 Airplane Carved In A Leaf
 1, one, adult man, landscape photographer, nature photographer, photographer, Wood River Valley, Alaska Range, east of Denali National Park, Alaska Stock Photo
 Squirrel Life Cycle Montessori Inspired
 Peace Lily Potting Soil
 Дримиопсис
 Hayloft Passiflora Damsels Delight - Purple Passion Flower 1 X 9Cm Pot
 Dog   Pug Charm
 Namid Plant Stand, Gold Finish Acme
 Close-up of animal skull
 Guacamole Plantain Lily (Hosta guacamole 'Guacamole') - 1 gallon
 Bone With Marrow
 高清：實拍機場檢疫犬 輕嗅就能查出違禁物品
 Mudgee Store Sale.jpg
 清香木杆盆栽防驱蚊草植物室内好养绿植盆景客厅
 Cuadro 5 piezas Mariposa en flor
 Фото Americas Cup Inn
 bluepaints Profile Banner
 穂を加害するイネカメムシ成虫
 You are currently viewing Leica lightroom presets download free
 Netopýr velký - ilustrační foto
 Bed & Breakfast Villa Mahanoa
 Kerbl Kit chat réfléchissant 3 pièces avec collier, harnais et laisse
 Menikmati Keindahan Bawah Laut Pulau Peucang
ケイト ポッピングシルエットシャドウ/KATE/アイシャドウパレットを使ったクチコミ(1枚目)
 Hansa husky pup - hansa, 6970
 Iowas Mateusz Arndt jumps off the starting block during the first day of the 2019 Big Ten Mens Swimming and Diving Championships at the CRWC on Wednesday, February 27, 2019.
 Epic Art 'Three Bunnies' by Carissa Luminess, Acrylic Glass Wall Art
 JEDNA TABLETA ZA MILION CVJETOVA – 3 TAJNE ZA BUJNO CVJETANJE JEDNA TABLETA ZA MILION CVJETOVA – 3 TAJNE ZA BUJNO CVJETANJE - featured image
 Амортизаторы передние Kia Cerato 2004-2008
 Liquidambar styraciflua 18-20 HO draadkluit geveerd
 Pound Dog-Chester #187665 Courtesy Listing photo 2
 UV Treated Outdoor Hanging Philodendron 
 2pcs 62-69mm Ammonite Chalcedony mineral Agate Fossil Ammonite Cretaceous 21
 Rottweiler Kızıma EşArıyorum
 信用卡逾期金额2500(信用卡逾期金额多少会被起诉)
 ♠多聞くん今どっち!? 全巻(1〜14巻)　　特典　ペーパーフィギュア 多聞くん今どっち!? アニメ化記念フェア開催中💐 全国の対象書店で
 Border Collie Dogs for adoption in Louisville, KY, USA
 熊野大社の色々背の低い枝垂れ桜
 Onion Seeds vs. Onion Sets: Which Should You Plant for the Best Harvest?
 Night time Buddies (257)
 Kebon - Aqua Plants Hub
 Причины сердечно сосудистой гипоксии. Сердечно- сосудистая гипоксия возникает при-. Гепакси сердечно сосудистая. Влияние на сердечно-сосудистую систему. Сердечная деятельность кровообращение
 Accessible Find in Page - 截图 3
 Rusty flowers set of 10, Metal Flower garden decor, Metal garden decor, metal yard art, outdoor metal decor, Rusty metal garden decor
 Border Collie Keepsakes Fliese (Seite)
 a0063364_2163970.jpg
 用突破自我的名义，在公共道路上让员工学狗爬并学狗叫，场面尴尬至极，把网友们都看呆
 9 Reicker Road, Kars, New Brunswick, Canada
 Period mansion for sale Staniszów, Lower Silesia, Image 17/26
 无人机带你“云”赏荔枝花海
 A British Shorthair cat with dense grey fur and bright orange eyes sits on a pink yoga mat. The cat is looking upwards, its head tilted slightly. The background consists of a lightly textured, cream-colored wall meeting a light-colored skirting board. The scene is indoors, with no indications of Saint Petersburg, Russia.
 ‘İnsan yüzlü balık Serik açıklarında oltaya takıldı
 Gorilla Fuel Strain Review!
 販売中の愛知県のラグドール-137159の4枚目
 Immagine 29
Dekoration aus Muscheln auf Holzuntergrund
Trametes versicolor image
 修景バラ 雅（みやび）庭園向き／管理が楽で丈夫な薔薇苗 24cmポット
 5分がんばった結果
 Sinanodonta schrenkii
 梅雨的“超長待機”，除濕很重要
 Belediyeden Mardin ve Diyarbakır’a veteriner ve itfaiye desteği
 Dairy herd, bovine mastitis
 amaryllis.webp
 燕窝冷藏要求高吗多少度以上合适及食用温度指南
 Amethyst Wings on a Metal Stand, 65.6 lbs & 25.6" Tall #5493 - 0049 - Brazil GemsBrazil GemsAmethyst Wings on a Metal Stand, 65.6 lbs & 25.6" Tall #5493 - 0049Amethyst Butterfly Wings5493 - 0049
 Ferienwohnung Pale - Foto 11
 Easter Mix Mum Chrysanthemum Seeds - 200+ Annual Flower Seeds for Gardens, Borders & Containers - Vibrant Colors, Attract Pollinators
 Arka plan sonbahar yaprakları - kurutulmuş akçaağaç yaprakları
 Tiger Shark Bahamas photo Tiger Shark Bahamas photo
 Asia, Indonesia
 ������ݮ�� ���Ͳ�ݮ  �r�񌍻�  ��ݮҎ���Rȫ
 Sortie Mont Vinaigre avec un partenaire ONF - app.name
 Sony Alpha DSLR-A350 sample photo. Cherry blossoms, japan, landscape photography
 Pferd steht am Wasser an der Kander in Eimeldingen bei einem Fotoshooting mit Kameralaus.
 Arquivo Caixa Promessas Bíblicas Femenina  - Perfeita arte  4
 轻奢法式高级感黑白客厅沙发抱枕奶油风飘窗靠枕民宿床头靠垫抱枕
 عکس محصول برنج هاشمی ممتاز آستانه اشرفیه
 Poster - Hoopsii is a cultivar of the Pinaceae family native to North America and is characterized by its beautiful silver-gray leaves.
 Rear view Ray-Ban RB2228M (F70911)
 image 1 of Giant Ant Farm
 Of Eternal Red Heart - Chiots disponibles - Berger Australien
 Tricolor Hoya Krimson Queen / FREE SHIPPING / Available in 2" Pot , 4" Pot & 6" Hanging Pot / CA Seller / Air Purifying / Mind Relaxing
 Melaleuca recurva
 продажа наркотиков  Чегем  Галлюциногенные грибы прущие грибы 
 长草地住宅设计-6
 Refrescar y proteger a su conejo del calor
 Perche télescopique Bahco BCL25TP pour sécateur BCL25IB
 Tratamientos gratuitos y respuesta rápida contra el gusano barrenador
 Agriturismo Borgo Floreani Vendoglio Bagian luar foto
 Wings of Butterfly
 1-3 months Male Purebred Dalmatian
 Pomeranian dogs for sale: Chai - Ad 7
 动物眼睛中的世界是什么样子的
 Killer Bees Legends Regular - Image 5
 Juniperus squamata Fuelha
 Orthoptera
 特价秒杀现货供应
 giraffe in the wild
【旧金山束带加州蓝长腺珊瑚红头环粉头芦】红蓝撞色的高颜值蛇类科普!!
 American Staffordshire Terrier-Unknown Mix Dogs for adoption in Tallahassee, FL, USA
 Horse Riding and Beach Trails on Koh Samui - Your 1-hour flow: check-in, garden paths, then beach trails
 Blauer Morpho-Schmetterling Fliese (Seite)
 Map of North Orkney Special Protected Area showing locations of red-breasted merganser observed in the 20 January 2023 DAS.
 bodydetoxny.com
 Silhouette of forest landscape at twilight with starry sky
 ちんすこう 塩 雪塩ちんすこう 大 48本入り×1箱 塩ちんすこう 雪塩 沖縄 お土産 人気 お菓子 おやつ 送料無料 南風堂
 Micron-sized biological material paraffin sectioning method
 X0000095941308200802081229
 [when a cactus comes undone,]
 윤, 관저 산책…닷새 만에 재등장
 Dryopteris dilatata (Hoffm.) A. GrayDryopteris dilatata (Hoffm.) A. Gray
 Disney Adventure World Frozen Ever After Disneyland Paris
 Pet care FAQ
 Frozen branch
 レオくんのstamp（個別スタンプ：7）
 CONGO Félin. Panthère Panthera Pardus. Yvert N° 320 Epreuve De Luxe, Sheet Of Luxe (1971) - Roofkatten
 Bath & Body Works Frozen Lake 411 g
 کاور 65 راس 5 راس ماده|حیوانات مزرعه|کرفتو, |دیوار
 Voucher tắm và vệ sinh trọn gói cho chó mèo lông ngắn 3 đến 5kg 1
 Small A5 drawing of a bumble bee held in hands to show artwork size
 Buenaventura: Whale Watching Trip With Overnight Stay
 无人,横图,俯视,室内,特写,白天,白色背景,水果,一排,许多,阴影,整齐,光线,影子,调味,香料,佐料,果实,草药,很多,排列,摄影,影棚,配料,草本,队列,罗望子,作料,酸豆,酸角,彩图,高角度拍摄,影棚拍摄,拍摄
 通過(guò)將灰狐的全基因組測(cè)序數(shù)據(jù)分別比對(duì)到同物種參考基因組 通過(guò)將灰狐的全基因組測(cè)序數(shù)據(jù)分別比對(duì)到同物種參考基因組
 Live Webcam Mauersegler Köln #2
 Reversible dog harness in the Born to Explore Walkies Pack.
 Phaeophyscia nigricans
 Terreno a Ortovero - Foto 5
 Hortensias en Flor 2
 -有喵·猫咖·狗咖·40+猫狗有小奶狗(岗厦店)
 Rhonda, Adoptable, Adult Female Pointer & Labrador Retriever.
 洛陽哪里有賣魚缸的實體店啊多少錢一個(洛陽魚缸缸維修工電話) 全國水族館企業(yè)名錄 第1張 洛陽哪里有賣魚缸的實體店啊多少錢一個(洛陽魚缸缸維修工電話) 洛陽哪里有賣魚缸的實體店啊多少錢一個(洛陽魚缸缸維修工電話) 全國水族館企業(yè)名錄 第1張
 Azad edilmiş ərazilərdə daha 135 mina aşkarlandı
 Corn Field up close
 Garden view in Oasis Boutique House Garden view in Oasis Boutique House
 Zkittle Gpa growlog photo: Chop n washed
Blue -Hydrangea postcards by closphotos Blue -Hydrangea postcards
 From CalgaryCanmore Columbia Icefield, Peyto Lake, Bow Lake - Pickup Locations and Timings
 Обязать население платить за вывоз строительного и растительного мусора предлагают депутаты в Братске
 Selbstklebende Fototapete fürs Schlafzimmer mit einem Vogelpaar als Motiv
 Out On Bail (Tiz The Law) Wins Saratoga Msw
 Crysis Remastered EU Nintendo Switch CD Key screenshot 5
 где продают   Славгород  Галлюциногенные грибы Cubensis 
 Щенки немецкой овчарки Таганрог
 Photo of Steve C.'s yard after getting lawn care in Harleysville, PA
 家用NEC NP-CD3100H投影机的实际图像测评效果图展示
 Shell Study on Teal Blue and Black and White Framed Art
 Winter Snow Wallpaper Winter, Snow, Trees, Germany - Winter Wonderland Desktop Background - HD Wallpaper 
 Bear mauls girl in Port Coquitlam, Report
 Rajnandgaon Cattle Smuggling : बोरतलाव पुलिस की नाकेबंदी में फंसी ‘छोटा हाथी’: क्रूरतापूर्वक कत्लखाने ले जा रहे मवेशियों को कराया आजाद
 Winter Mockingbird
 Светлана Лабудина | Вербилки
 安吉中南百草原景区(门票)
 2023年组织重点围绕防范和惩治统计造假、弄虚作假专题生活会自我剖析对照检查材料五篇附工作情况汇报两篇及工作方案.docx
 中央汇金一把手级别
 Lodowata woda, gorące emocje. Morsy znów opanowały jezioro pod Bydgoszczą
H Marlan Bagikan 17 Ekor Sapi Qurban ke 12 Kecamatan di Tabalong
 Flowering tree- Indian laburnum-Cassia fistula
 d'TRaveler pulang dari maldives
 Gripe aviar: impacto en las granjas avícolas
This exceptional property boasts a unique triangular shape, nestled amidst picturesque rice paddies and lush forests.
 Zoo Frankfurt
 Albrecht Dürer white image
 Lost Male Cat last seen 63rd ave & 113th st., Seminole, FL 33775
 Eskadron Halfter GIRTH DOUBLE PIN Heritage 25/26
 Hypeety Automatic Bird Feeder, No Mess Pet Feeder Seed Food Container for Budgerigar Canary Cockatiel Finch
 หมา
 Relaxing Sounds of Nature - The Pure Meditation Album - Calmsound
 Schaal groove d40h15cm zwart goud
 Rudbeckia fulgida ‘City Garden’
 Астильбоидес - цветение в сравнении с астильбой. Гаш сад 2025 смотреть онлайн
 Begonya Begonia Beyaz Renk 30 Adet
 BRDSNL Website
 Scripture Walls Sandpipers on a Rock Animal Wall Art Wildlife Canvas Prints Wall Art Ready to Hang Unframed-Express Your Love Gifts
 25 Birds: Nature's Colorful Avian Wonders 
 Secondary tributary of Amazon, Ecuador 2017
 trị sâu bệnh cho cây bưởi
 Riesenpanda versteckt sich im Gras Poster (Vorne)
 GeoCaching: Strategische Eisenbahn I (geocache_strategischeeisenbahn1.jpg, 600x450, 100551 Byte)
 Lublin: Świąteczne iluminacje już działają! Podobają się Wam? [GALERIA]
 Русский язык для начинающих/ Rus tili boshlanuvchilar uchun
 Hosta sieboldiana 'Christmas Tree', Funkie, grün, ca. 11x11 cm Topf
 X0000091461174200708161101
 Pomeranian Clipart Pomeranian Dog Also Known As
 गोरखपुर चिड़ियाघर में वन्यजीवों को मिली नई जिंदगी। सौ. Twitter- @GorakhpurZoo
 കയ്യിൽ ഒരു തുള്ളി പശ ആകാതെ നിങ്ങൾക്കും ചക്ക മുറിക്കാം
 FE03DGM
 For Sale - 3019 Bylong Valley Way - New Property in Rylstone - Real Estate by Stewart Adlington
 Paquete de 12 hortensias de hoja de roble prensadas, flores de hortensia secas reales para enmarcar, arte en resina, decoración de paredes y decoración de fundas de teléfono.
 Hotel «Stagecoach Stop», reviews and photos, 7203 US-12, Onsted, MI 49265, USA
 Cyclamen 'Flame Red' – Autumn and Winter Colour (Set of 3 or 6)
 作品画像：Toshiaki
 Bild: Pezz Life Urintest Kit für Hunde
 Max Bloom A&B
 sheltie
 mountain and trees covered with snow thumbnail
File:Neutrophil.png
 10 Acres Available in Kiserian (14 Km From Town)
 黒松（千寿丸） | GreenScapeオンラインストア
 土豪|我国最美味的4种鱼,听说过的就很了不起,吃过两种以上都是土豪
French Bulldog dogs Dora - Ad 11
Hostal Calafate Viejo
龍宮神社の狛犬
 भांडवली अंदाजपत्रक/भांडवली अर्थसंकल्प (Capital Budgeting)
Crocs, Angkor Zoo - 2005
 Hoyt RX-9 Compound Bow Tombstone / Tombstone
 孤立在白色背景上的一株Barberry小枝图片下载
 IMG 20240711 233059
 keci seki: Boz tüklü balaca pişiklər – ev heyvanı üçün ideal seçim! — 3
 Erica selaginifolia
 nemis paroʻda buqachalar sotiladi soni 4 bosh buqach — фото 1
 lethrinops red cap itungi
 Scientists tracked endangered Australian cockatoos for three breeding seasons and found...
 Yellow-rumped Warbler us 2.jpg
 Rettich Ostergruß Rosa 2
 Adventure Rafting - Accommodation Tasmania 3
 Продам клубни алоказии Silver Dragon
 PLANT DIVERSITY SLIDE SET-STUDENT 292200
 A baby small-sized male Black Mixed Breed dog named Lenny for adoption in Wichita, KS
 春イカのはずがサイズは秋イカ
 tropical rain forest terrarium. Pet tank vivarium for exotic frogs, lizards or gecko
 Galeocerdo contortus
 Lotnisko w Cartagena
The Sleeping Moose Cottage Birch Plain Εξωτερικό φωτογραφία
====================
#### PROBLEM DESCRIPTION
What's needed is a word-for-word copy of the lines from the one holding "Rettich Ostergruß Rosa 2" through the final line of the data.

#### THE COMPLETED TASK
 Rettich Ostergruß Rosa 2
 Adventure Rafting - Accommodation Tasmania 3
 Продам клубни алоказии Silver Dragon
 PLANT DIVERSITY SLIDE SET-STUDENT 292200
 A baby small-sized male Black Mixed Breed dog named Lenny for adoption in Wichita, KS
 春イカのはずがサイズは秋イカ
 tropical rain forest terrarium. Pet tank vivarium for exotic frogs, lizards or gecko
 Galeocerdo contortus
 Lotnisko w Cartagena
The Sleeping Moose Cottage Birch Plain Εξωτερικό φωτογραφία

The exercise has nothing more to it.